Why it matters: A tribute largely reserved for presidents and other political leaders has now trickled down to ordinary citizens and guardians of the building itself, as Congress has sought to allow the nation to collectively acknowledge men and women who've left their mark on the country.
- Former Senate Majority Leader Harry Reid (D-Nev.) will be the latest accorded the honor, when he lies in state in the Capitol Rotunda on Jan. 12, congressional leaders announced Sunday.
- Last month, another former majority leader, Sen. Bob Dole (R-Kan.), received the same public tribute.

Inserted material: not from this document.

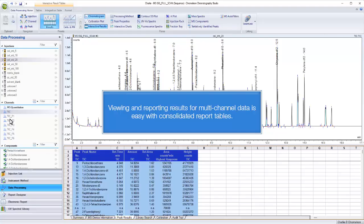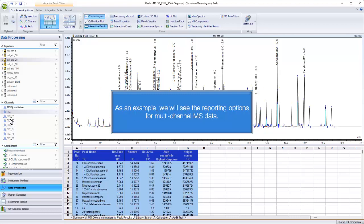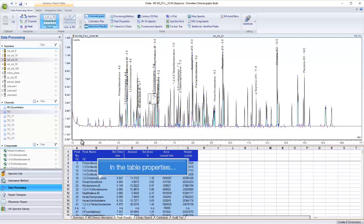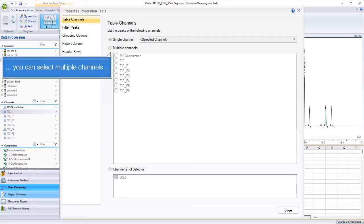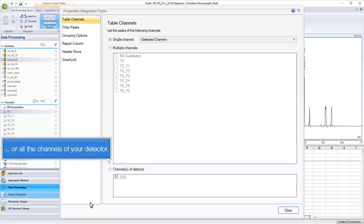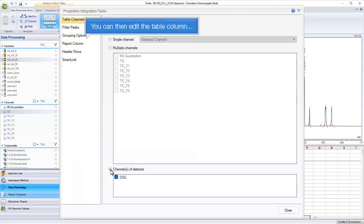Viewing and reporting results for multi-channel data is easy with consolidated report tables. As an example, we will see the reporting options for multi-channel MS data. In the table properties, you can select multiple channels or all the channels of your detector.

- In 2020, Supreme Court Justice Ruth Bader Ginsburg also was honored at the Capitol — but she lay in state next to the Rotunda in Statuary Hall.
By the numbers: Since 2000, the number of deceased Americans who have lain in the Capital is 13.
- In the previous two decades, it was four, including two Capitol police officers killed in the line of duty, Florida Sen. Claude D. Pepper and an unknown soldier from the Vietnam War.
- In the 1960s and '70s, Congress honored eight Americans, including four presidents.